**Task statement:** Pictures are to be left out; every line from the one with "Vintage style engraving" through the end of the data must be transcribed exactly.
◆ ◆ ◆ ◆ ◆ ◆ ◆
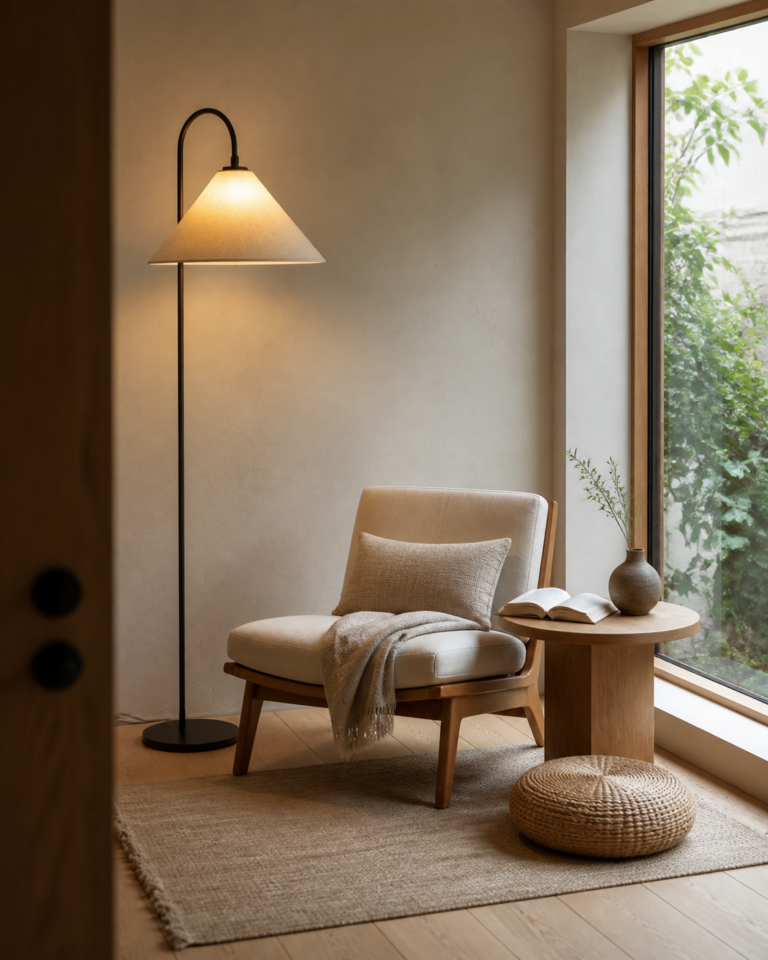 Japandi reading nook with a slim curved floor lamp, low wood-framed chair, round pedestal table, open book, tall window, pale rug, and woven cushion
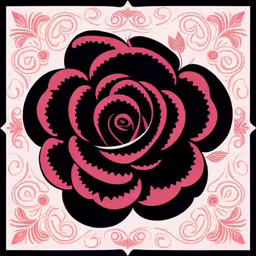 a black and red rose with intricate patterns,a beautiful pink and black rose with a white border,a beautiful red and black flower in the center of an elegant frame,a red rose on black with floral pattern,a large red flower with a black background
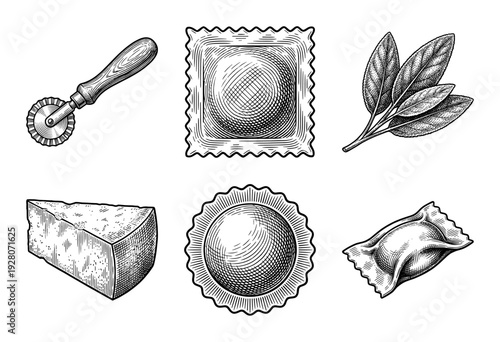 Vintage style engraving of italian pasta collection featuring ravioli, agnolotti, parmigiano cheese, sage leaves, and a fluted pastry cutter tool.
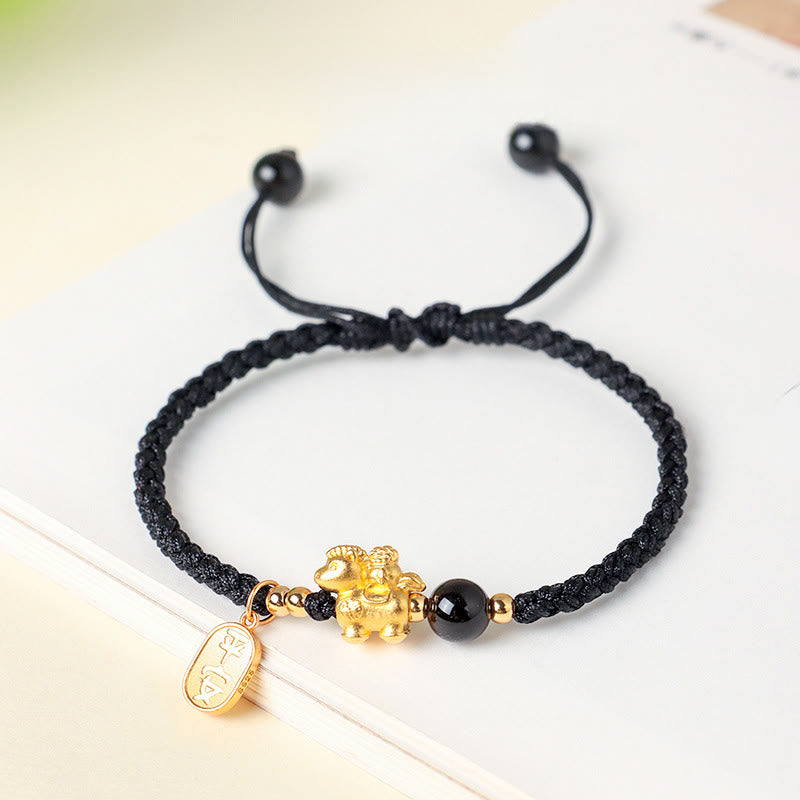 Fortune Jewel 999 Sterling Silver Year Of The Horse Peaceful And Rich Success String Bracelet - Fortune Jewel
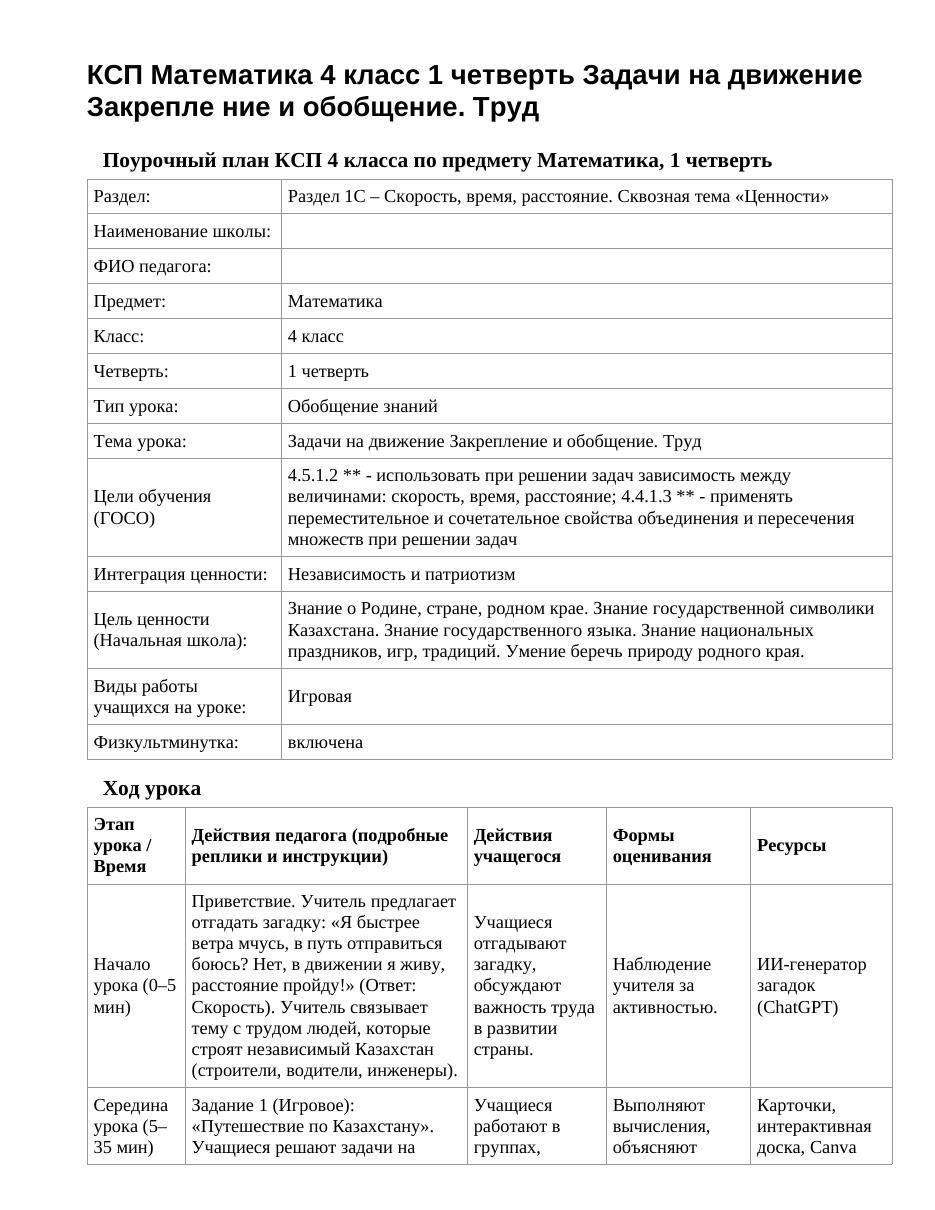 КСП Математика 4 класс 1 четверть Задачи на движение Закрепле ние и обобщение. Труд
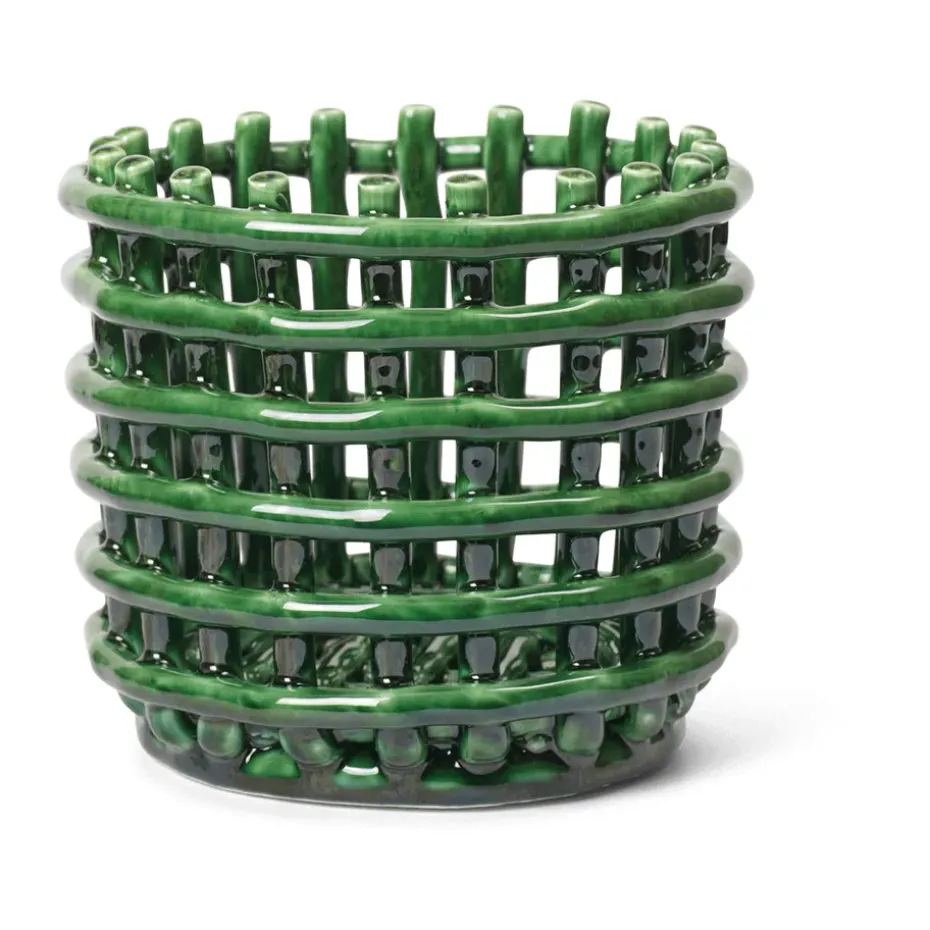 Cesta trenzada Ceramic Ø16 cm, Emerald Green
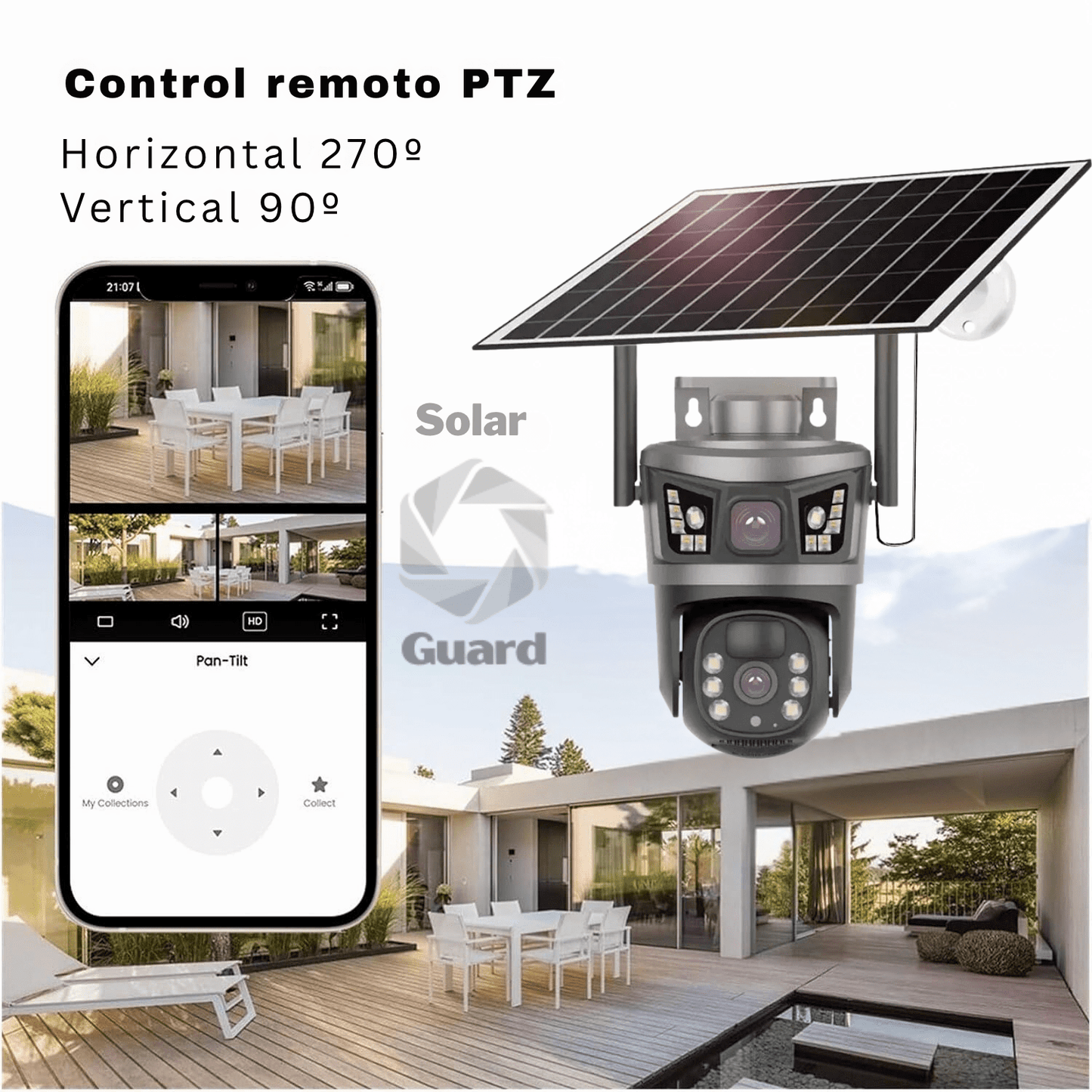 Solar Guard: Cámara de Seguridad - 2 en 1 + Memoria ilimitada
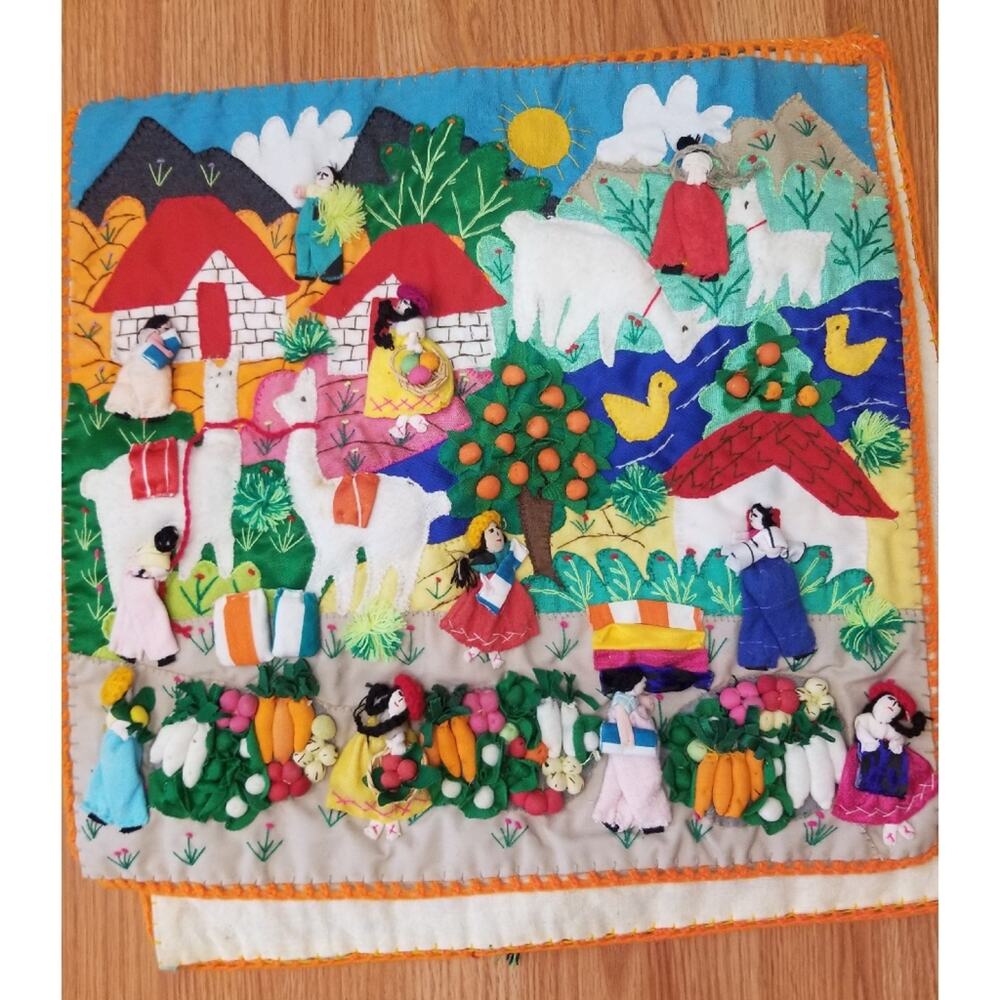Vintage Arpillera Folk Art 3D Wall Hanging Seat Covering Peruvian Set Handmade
◆ ◆ ◆ ◆ ◆ ◆ ◆
**Problem solution:**
 Vintage style engraving of italian pasta collection featuring ravioli, agnolotti, parmigiano cheese, sage leaves, and a fluted pastry cutter tool.
 Fortune Jewel 999 Sterling Silver Year Of The Horse Peaceful And Rich Success String Bracelet - Fortune Jewel
 КСП Математика 4 класс 1 четверть Задачи на движение Закрепле ние и обобщение. Труд
 Cesta trenzada Ceramic Ø16 cm, Emerald Green
 Solar Guard: Cámara de Seguridad - 2 en 1 + Memoria ilimitada
Vintage Arpillera Folk Art 3D Wall Hanging Seat Covering Peruvian Set Handmade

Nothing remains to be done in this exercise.